L’Akita giapponese è un grande Spitz calmo, riservato e capace di decisioni autonome. Si lega profondamente alla famiglia, ma fedeltà non significa docilità automatica né compatibilità con ogni cane.

La convivenza richiede socializzazione rispettosa, gestione degli incontri, guinzaglio sicuro e accettazione della sua selettività. Prima di prendere un cucciolo, verifica anche, gomiti, rotule, occhi, tiroide e amelogenesi imperfetta/ipoplasia dello smalto.

Scheda rapida

Caratteristica Indicazione FCI
Origine Giappone
Funzione moderna Cane da compagnia
Gruppo 5, Spitz asiatici
Altezza Maschi 67 cm ± 3; femmine 61 cm ± 3
Struttura Grande, robusta, ben proporzionata
Mantello Doppio: copertura dura, sottopelo fitto
Colori FCI Rosso fulvo, sesamo, tigrato, bianco
Temperamento Composto, fedele, ricettivo e coraggioso
Screening Anche, gomiti, rotule, occhi, tiroide, denti/FEH

Punto chiave: non deve salutare ogni cane o estraneo. L’obiettivo realistico è una neutralità gestibile, non la socialità obbligatoria.

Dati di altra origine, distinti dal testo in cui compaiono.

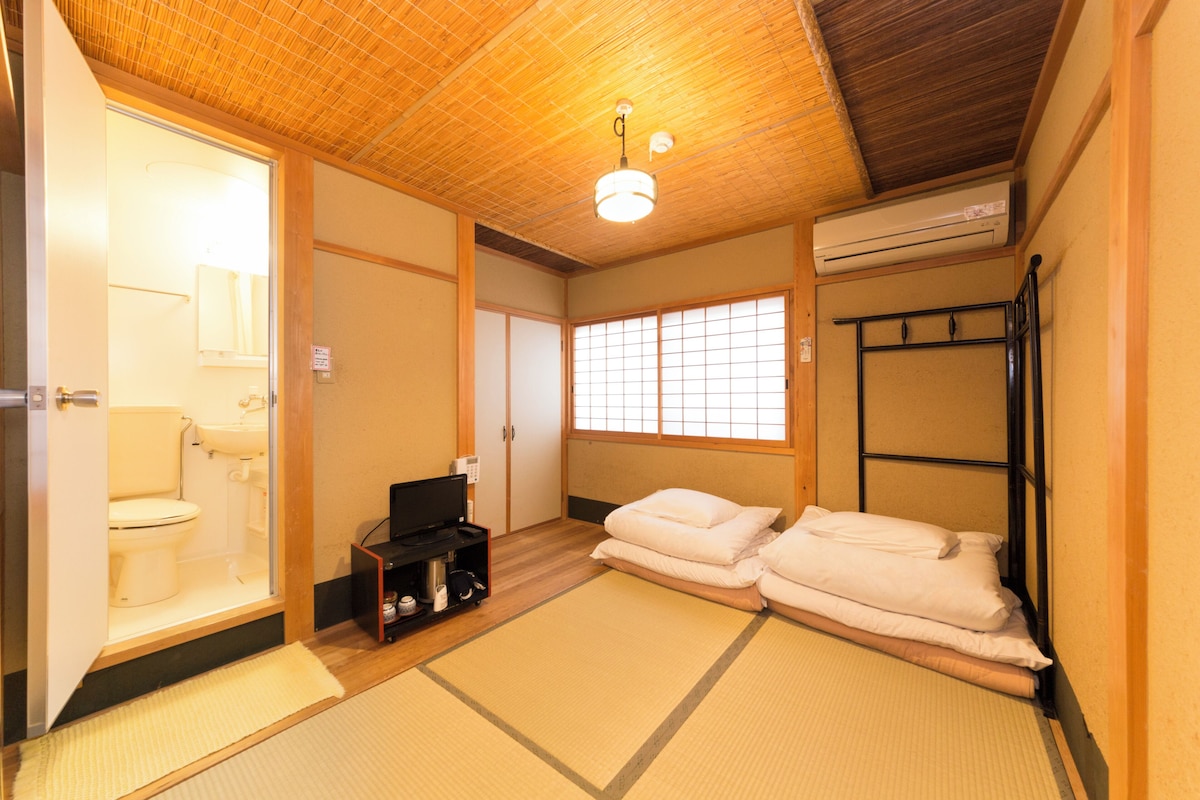 Een traditionele Japanse kamer met tatami vloeren, een futon bed, een wastafel en een schuifdeur naar een toilet.
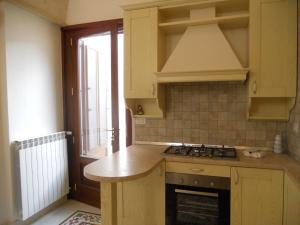 a kitchen with a stove and a sink and a window at B&B Il Granaio in Nociglia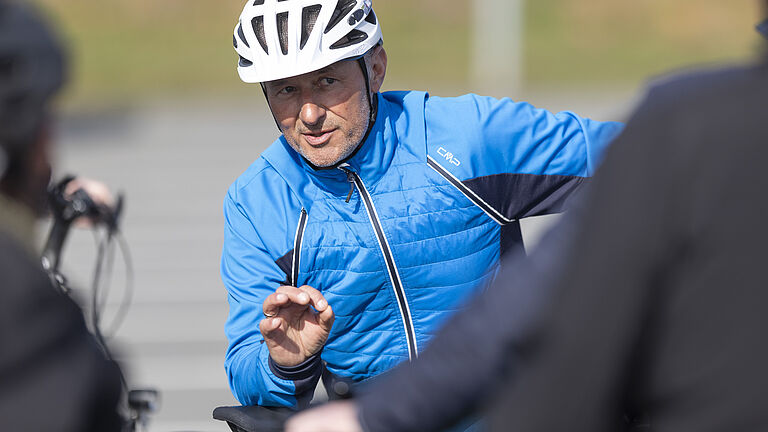 Das Bild zeigt Uwe Neubert aus dem BGHW-Trainerteam, der Teilnehmenden am Fahrsicherheitstraining erklärt, wie man sicher mit dem Pedelec unterwegs ist.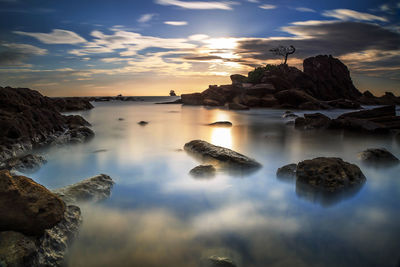 Rocks in sea against sky during sunset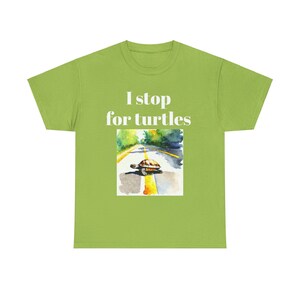 Pode incluir: Uma camiseta verde com o texto "I stop for turtles" impresso em branco. Abaixo do texto, há uma ilustração em aquarela de uma tartaruga cruzando uma estrada.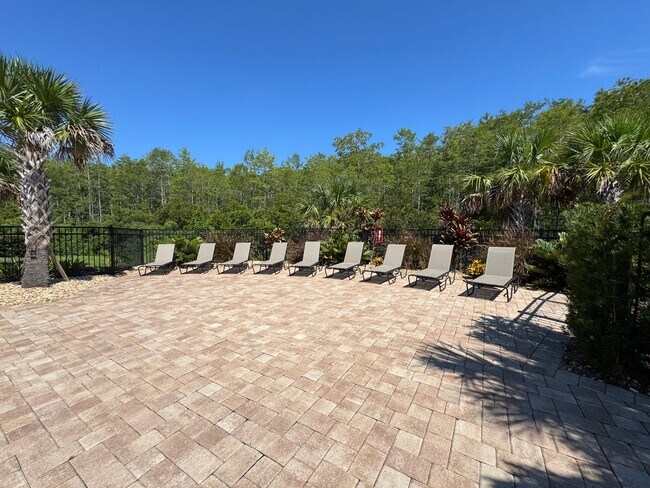 Building Photo - Beautiful End Unit Townhome Near Lake Nona w/ 2-Car Garage & Conservation Views!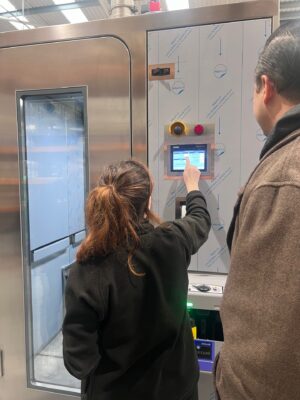 Capricor Therapeutics representative operating the Siemens SIMATIC HMI touchscreen on a PBSC hydrogen peroxide decontamination chamber, with emergency stop and cycle controls visible during factory acceptance testing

Akita giapponese e Akita americano

Per la FCI sono razze distinte. L’Akita giapponese ha un aspetto più leggero e volpino, una gamma di colori specifica e l’urajiro richiesto nei colori diversi dal bianco. L’Akita americano è in genere più massiccio e ammette una varietà cromatica maggiore.

Non scegliere in base al solo nome “Akita”: chiedi standard, pedigree e registro del soggetto.

Origini in breve

Gli Akita Matagi della regione omonima erano cani da caccia di media taglia. Dal Seicento alcuni vennero usati nei combattimenti e, dall’Ottocento, incrociati con cani più massicci. Dopo il divieto dei combattimenti e le perdite della Seconda guerra mondiale, la selezione giapponese lavorò per recuperare il tipo Spitz originario.

Questa storia non giustifica oggi prove di forza, protezione o combattività.

Aspetto e urajiro

“Urajiro” indica il pelo biancastro sui lati del muso, guance, sotto mandibola e collo, torace, ventre, parte inferiore della coda e interno degli arti. È richiesto nei soggetti rosso fulvo, sesamo e tigrati.

Elemento Funzione/lettura corretta
Coda arrotolata Caratteristica di tipo, non indice emotivo isolato
Orecchie triangolari Vigili e leggermente inclinate in avanti
Doppio mantello Protezione e muta stagionale intensa
Corpo robusto Deve restare mobile e senza eccesso di peso

Il colore non predice carattere né salute. Diffida di “mini Akita”, tinte non conformi vendute come rare e taglie estreme.

Carattere: dignità senza mito

Le storie di fedeltà hanno reso famosa la razza, ma rischiano di creare aspettative irreali. Il singolo cane può essere affettuoso, indipendente, sensibile, territoriale o selettivo.

Non va “conquistato” con la durezza. Regole prevedibili, rinforzo e gestione fisica funzionano meglio delle prove di dominanza.

Estranei

Molti Akita osservano prima di avvicinarsi. Concedi distanza e vieta le carezze imposte. Un ospite può ignorare il cane mentre questo resta dietro una barriera o su un tappetino.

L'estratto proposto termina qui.